Ah, saudara-saudara, mengapa toh begini.  Apa memang bangsa Indonesia itu ditakdirkan Tuhan menjadi bangsa inlander, bangsa yang pecah-belah, bangsa yang tak mampu mengangkat dirinya ke taraf yang lebih tinggi. Saya yakin tidak. Tetapi saya kira bangsa Indonesia salah sistim politiknya, terutama sekali dalam masa perpindahan ini. Bangsa Indonesia dan rakyat Indonesia telah "disalah-gunakan" oleh pemimpin-pemimpinnya dalam rock-and-rollnya demokrasi-omong yang tak kenal batas, demokrasi-omong yang tak kenal disiplin, demokrasi-omong yang tak kenal pimpinan.

Ya, demokrasi yang tak kenal pimpinan. Demokrasi kita demokrasi yang tak terpimpin. Demokrasi kita demokrasi "free fight liberalism". Demokrasi kita demokrasi "hantam-kromo", demokrasi "asal bebas mengeluarkan pendapat", demokrasi bebas mengkritik, bebas mengejek, bebas mencemooh, bebas ( bebas bebas zonder leiderschap, zonder management ke arah tujuan yang satu). 

Demokrasi kita ialah demokrasi yang hanya mendewa-dewakan kebebasan, hanya mengkeramatkan kebebasan.

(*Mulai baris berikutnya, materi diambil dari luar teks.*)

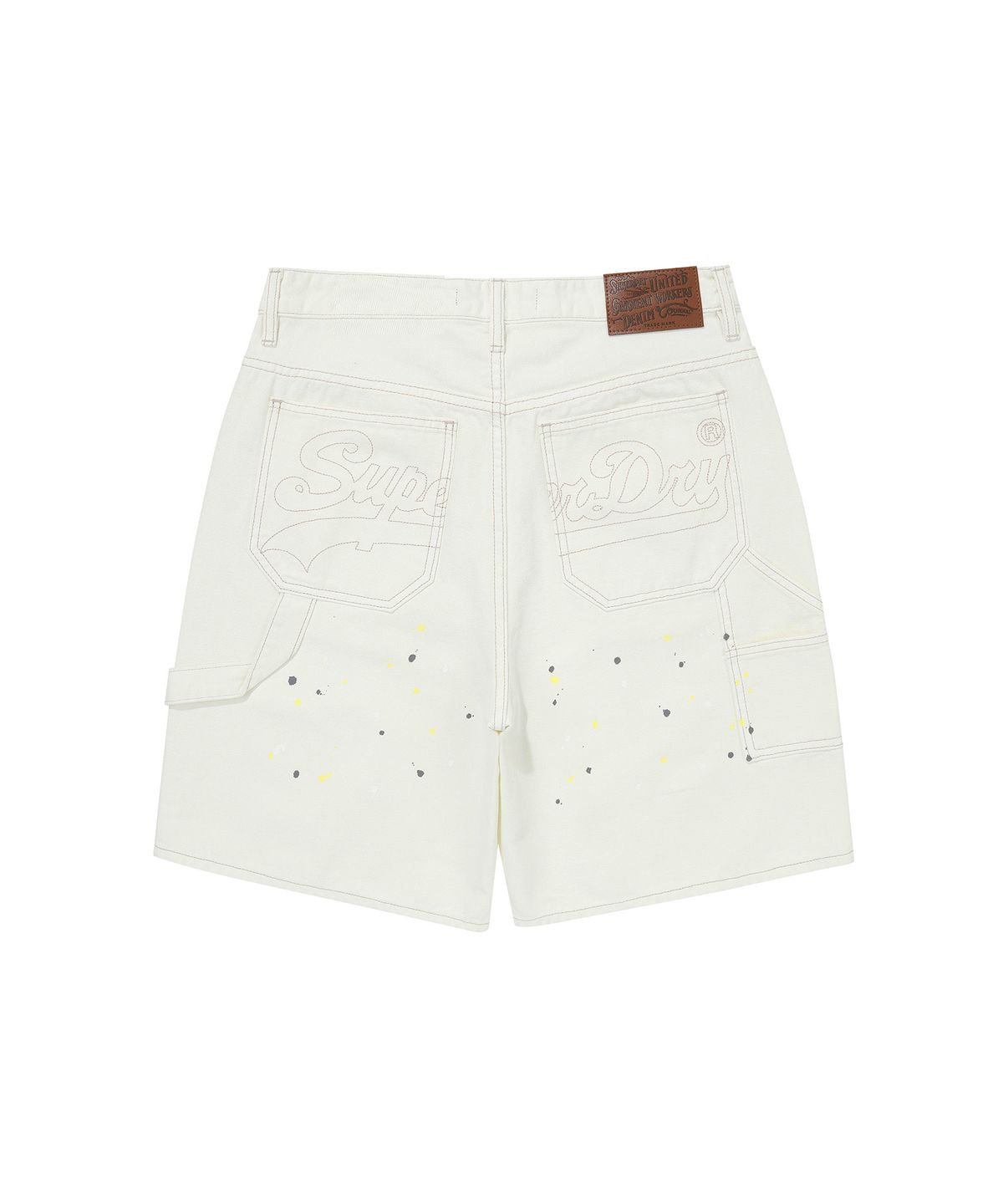 슈퍼드라이(SUPERDRY) 데님 카펜터 페인팅 버뮤다 쇼츠 아이보리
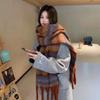 New Colorful Cashmere Scarf Soft Stripe Pattern Scarves Long Tassel Wraps Mohair Plaid Thickened Shawl Women Winter Muffler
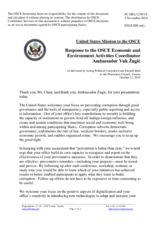 Statement by the Delegation of the United States of America in response to the report by the Co-ordinator of OSCE Economic and Environmental Activities, Ambassador Vuk Žugić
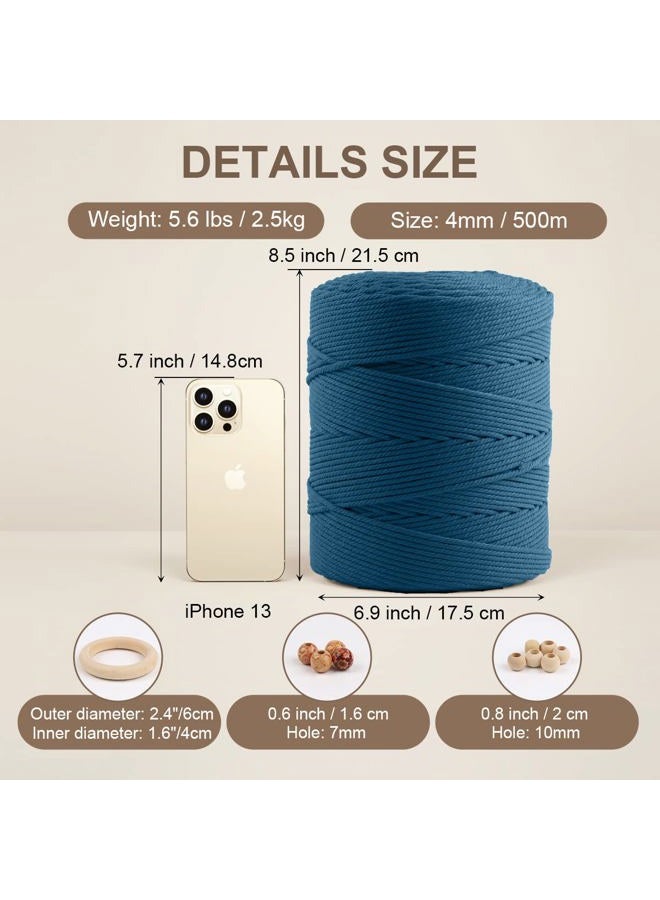 ZUEXT Macrame Cotton Cord 4mm x 547yds, Natural Handmade Peacock Blue Braided Cords 4 Strands Knitted Rope String for Craft Wall Hanging Weaving Tapestry Dream Catchers Hanger DIY Gift (500m) - Image 2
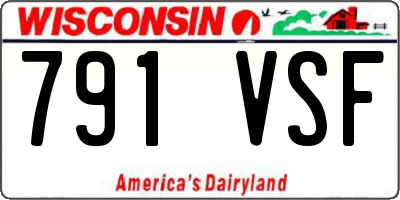 WI license plate 791VSF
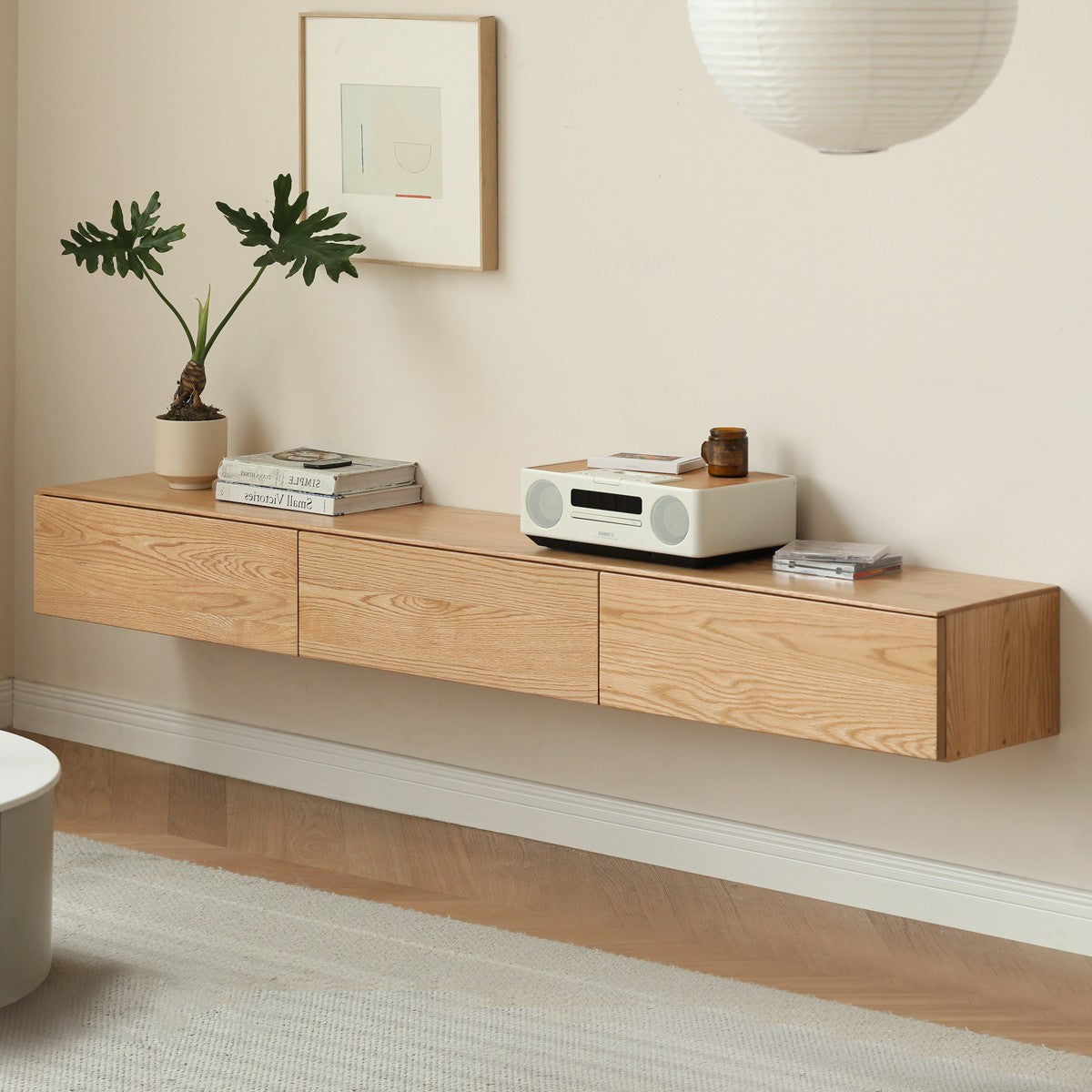 Solid Oak & Black Walnut Wood Floating TV Stand - Modern Wall Mounted Entertainment Center for Living Room, Bedroom & Home Theater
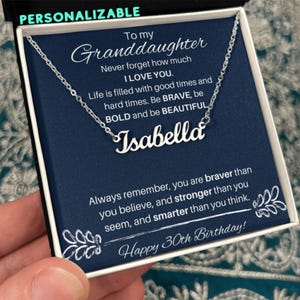 Granddaughter Necklace 30th Birthday, To My Granddaughter On Her 30th Birthday, Name Necklace Girl Turning 30, Granddaughter Necklace Nana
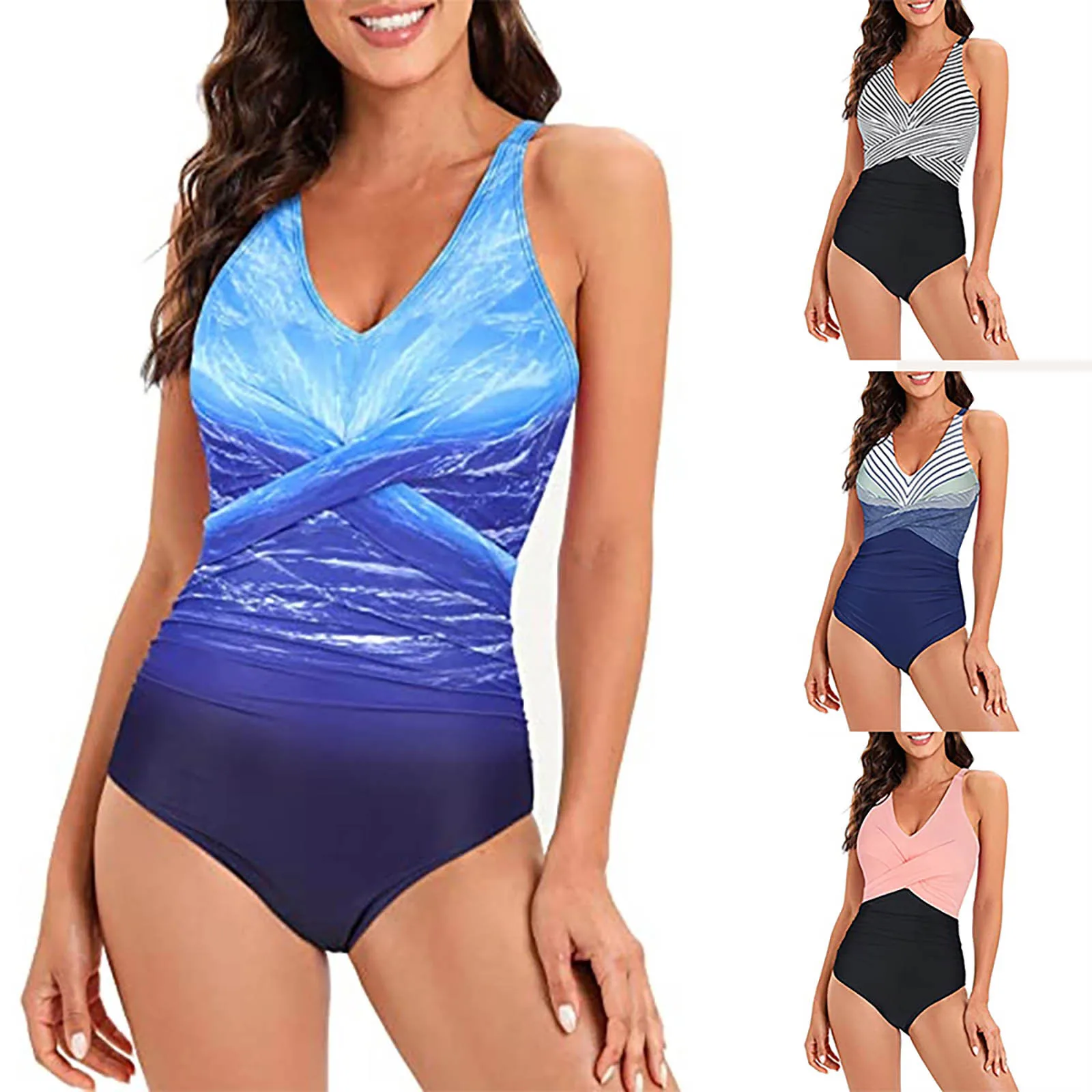 Women's Sexy Slim fit bikini Beautifully Printed One Piece Swimsuit Pleated Beach Wear Resort swimwear Beach sunbathing Biquini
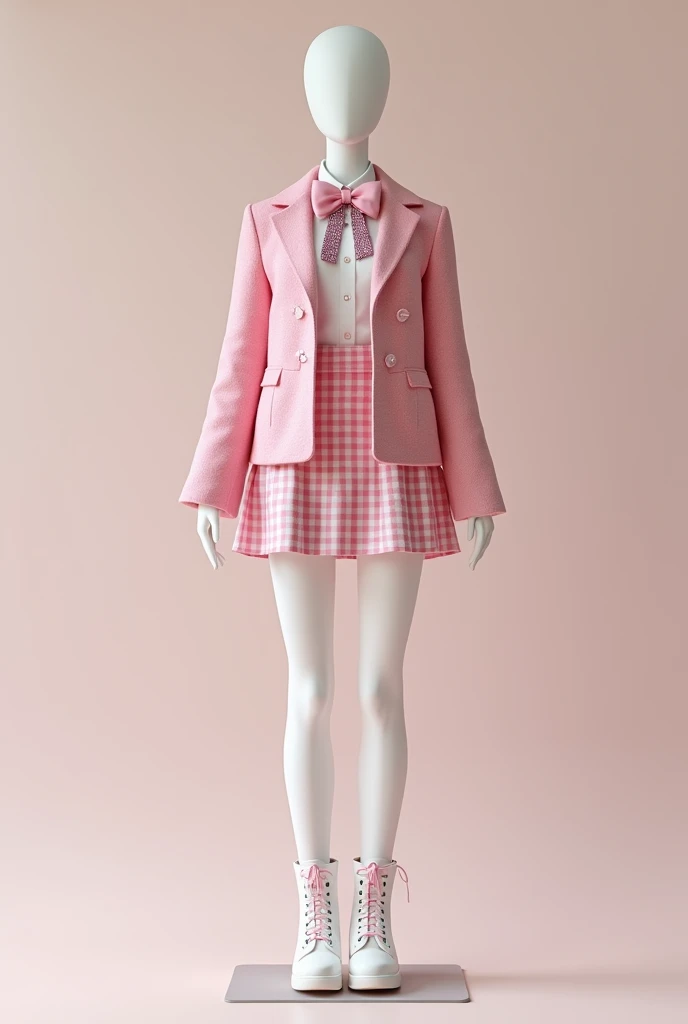 Mannequin wearing Korean school uniform, pink waist-length coat with white plaid pattern, unbuttoned, pink skirt with white plaid pattern, pink bow tie with glitter, white boots with alternating laces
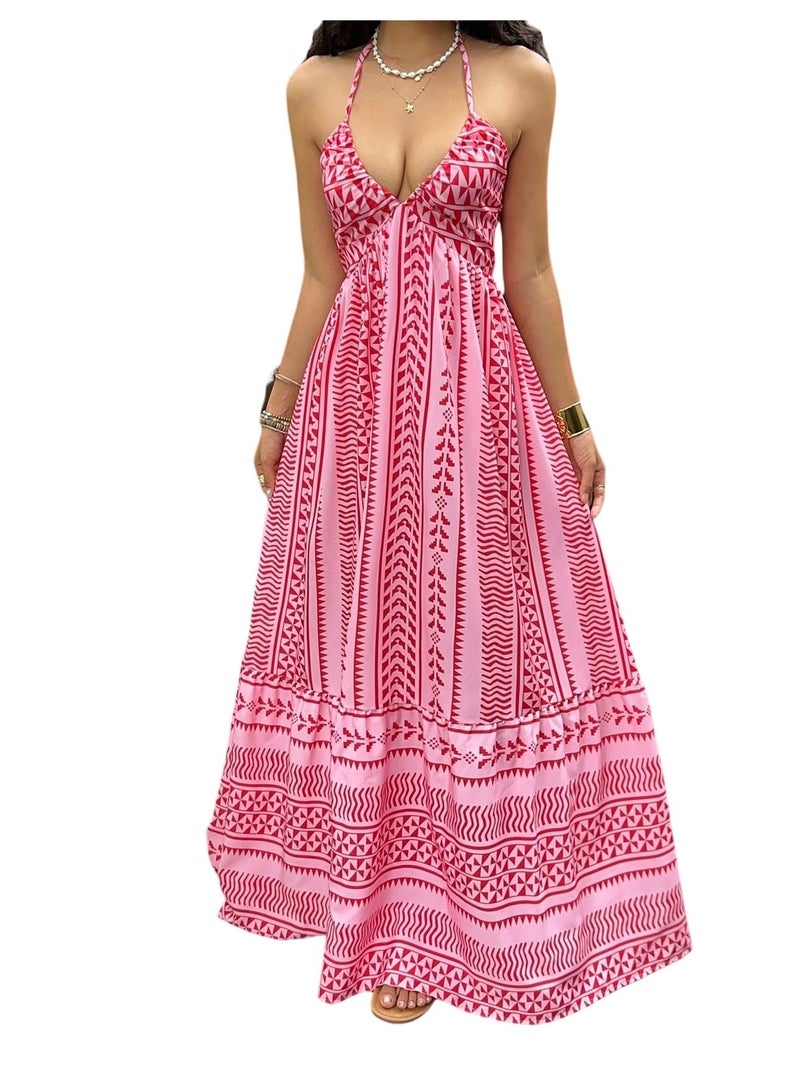 OYOANGLE Women's Boho Maxi Dress Printed Sleeveless Tie Backless Flowy Halter Beach Vacation Sundress Pink Medium - Image 1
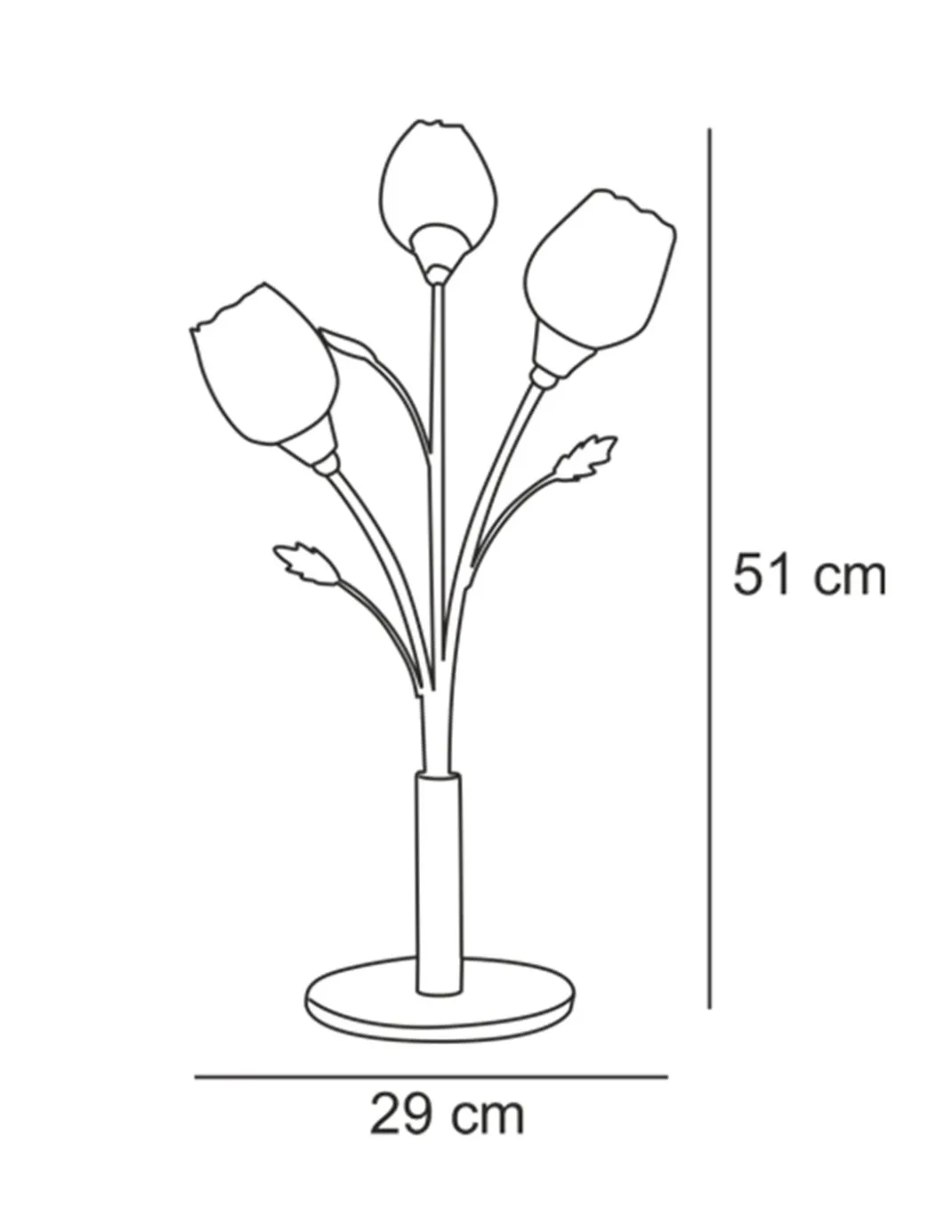Lámpara de mesa Adriana - IDP Lampshades - Diseño elegante de flores, estilo neoclásico, color plateado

Demokrasi yang di dalamnya tak ada yang keramat kecuali kebebasan itu sendiri. Demokrasi kita ialah demokrasi yang di dalamnya ”niets wordt ontzien behalve de vrijheid zelve”. Kritik ke kiri, diejek ke kanan, kejam di depan, fitnah ke belakang, sanggah ke atas, cemooh ke bawah. Hanya satu yang tidak dikritik, hanya satu yang tidak diejek, tidak dikecam, tidak difitnah, tidak disanggah, tidak dicemooh, yaitu ... ”kebebasan omong” itu sendiri.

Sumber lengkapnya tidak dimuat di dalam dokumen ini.